Lors de la conférence de presse, Pompeo a admis avoir été ému lors de sa visite, avec Ernesto Araújo, un centre d'accueil vénézuélien à Boa Vista.

«Ce sont des gens qui veulent ce que veulent tous les êtres humains: la dignité. Ils veulent un Venezuela démocratique, pacifique et souverain qu'ils puissent appeler chez eux, où eux et leurs enfants ont un emploi et peuvent vivre dignement », a déclaré le secrétaire d'État américain.

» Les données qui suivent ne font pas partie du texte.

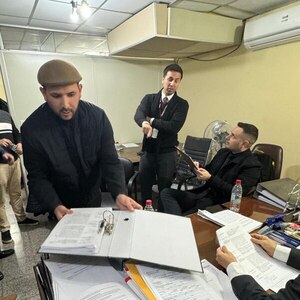 Fiscales retiran documentos de la Municipalidad de Asunción relacionados a bonos - Judiciales.net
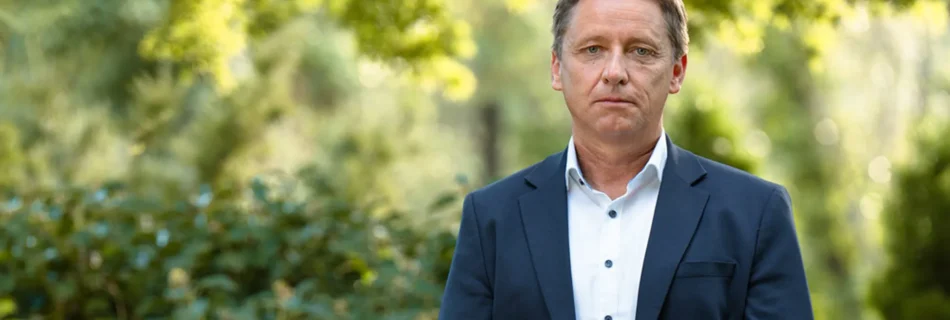 Potrait von Lambert Schönleitner vor grüner Kulisse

Selon Araújo, les États-Unis et le Brésil partagent le même idéal de «démocratie et de liberté» et veulent continuer à coopérer dans le «combat pour ces valeurs» dans la «nouvelle mondialisation», qui se produira dès que le monde parviendra à surmonter la pandémie de covid. -19.

Pompeo a visité Boa Vista dans le cadre d'un voyage qui a déjà traversé le Suriname et la Guyane. Peu de temps après la conférence, le fonctionnaire nord-américain est parti pour Bogotá.

Le voyage du secrétaire d'État coïncide avec la publication d'un rapport sévère d'une mission spéciale de l'ONU sur les violations des droits de l'homme au Venezuela, qui, selon le gouvernement brésilien, «contribue beaucoup à responsabiliser le régime dictatorial de Nicolás Maduro, qui continue étouffer la démocratie ».